Une pensée très répandue est que l’activité physique, telle que la course à pied ou l’haltérophilie, est dangereuse pour les articulations, notamment le cartilage. Nous posséderions un capital cartilagineux limité et donc à préserver. Cette affirmation, basée sur un modèle théorique, peut faire sens en nous car nous sommes entourés d’exemples de ceci. Plus j’utilise ma chaise plus elle s’abime, plus j’utilise ma voiture plus les pneus s’usent, etc.

La limite de ce modèle, c’est que contrairement aux objets, notre corps est capable d’adaptation, notamment nos structures mécaniques telles que les muscles, les tendons, les ménisques, les os, les cartilages, les disques intervertébraux ou les nerfs. Même votre peau en est capable. Si vous vous mettez à creuser à la pelle tous les jours elle s’adaptera à la contrainte en créant de la corne.

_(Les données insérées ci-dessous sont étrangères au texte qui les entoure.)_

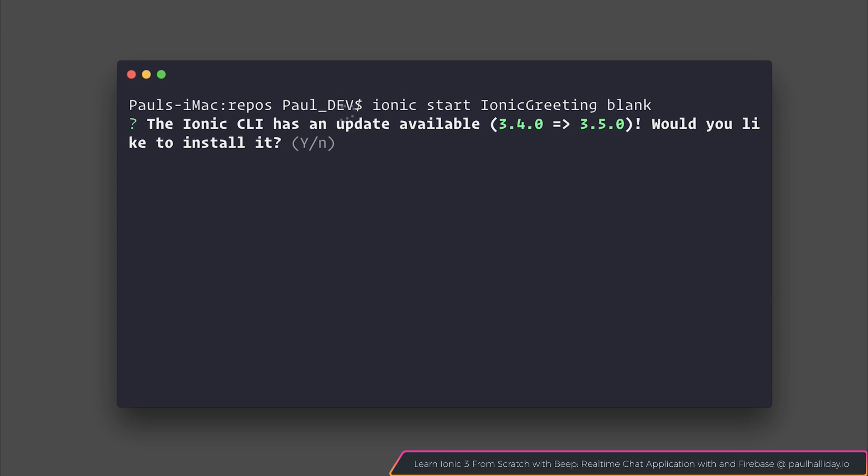As always, if you are prompted to upgrade your Ionic CLI or anything like that, hit yes and continue with the installation.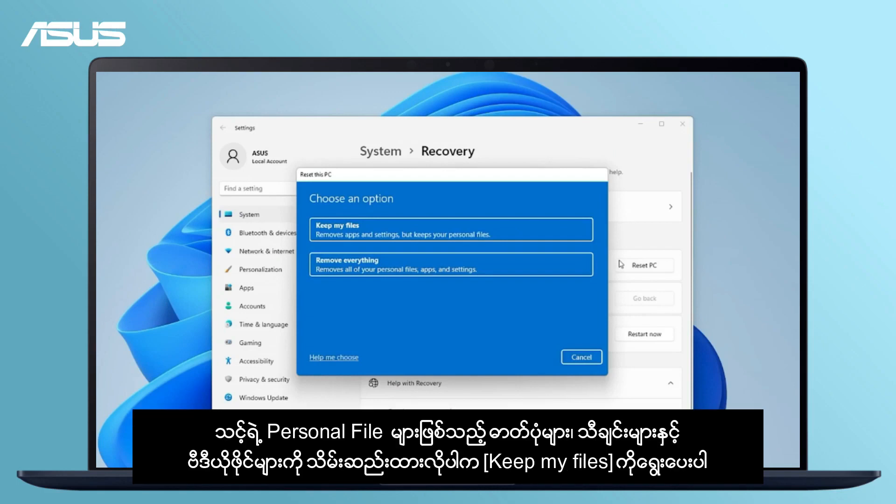If you want to keep your personal files, such as photos, music, or videos, choose Keep My Files.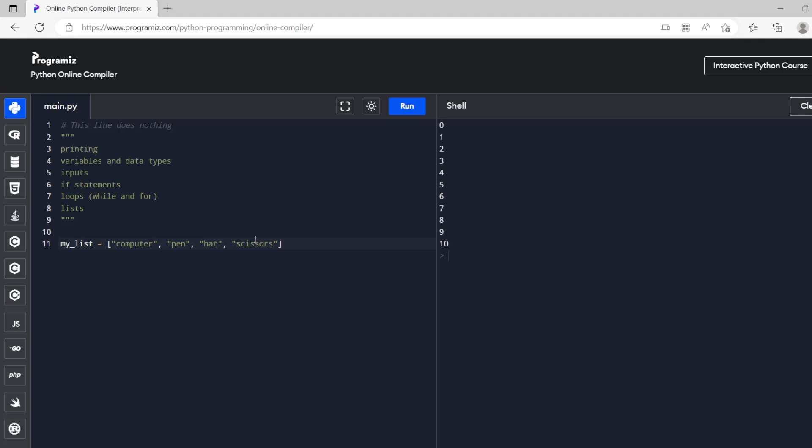And so for the for loop we're going to do for item in my list. Item doesn't actually exist. What that's going to do is it's going to create kind of a temporary variable inside of this for loop. So whichever item we're on in the list is going to be what's being used that time in the loop.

La chimie en nous : le métabolisme

Notre métabolisme fonctionne sur un modèle stimulation – récupération. La stimulation dans le cadre mécanique est une contrainte générant une fatigue/destruction cellulaire partielle de nos fibres, qu’elles soient musculaires, osseuses ou autre. En réponse à cela, de nouvelles cellules sont regénérées pour reconstruire celles manquantes en plus grand nombre et qualité. C’est le principe du métabolisme, qui est l’alliance du catabolisme (la destruction) et de l’anabolisme (la construction).

Ces réactions ont lieu en permanence dans le corps mais elles sont accélérées par l’activité physique (stimulation) suivi d’un repos adapté (récupération). D’où le fameux « no pain no gain », il faut générer de la contrainte via de l’intensité dans l’activité physique si l’on veut que notre corps s’adapte et donc progresse. Mais évidemment, tout miser sur la destruction systématique sans laisser le corps récupérer risque de mener à la blessure : pour l’exemple de notre peau, c’est le cas des ampoules.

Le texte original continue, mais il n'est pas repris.